*YOUR INSTRUCTIONS*. An exact copy of all the data below is needed, without its pictures.

··· COLLECTED DATA

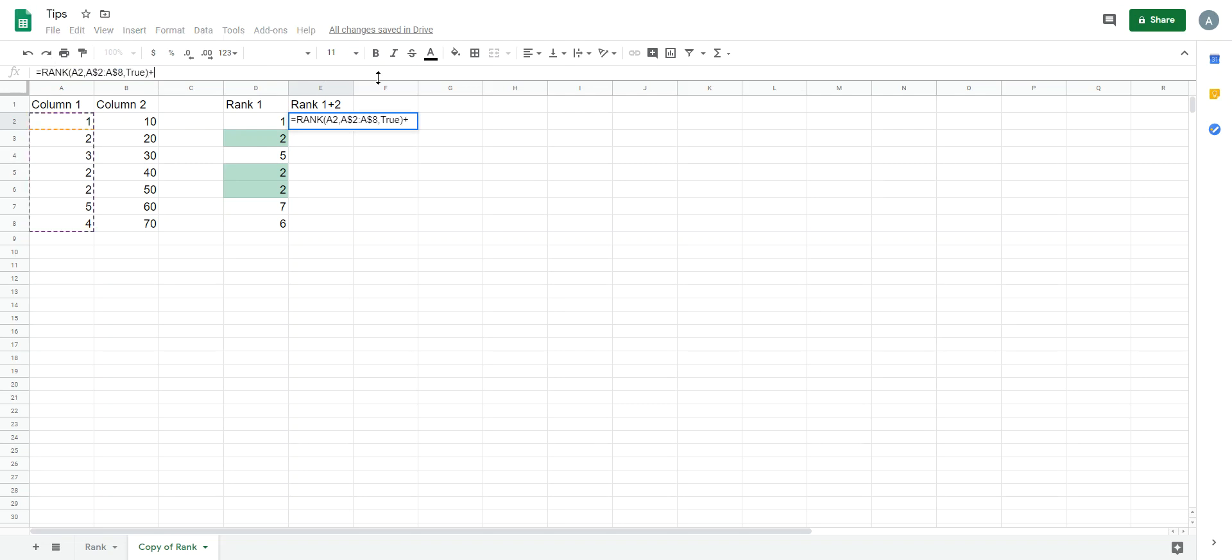Next, we count column 1. If it equals, we count it, and then base it on column 2.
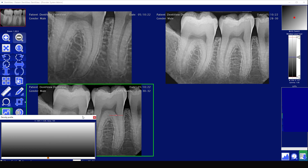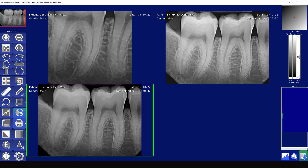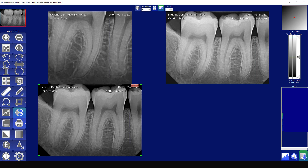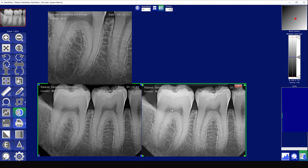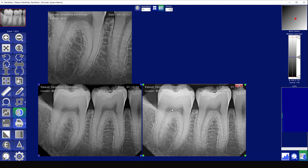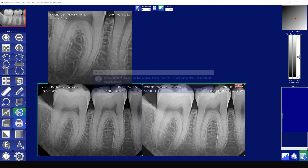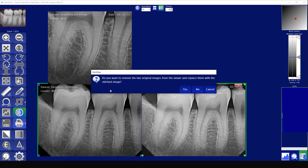The next tool is a stitching tool. This allows you to take a single image, put it next to a second image, and then combine them into a single image — making it so it's like a bitewing side-by-side as a single image.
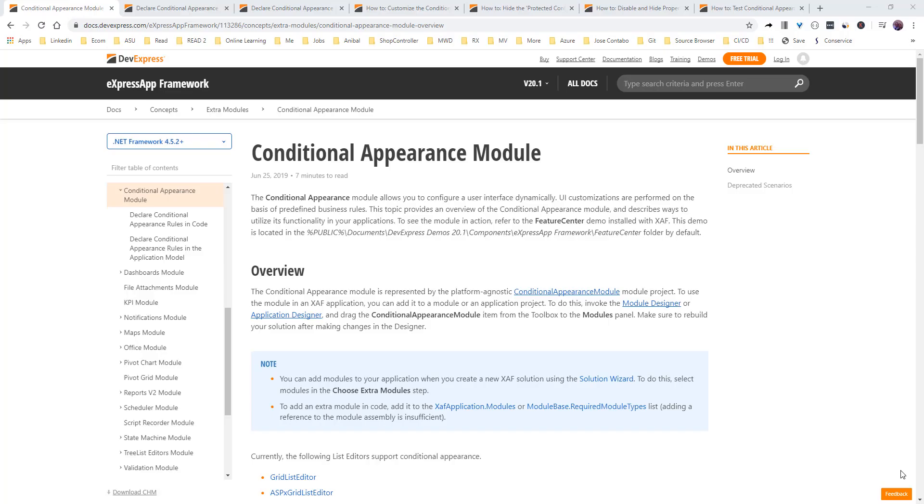Hello everyone and welcome back to another SAP XAF module of the week. This time we're going to go over the Conditional Appearance module that in my opinion is one of the most used SAP modules that SAP has.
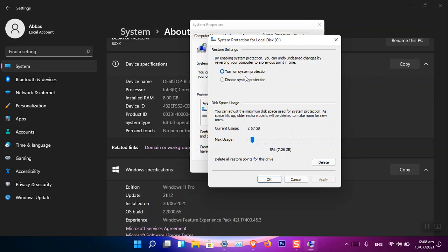Now by default when you turn it on, it will choose the amount of storage by itself. So it's not really needed for you to choose the option, but again if you want to configure some additional storage, you can. You can see that it is written that you can adjust the maximum disk space used for system protection. As space fills up, all the restore points will be deleted to make room for the new ones.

······

*EXERCISE OUTPUT*.
Next, we count column 1. If it equals, we count it, and then base it on column 2.
The next tool is a stitching tool. This allows you to take a single image, put it next to a second image, and then combine them into a single image — making it so it's like a bitewing side-by-side as a single image.
Hello everyone and welcome back to another SAP XAF module of the week. This time we're going to go over the Conditional Appearance module that in my opinion is one of the most used SAP modules that SAP has.
Now by default when you turn it on, it will choose the amount of storage by itself. So it's not really needed for you to choose the option, but again if you want to configure some additional storage, you can. You can see that it is written that you can adjust the maximum disk space used for system protection. As space fills up, all the restore points will be deleted to make room for the new ones.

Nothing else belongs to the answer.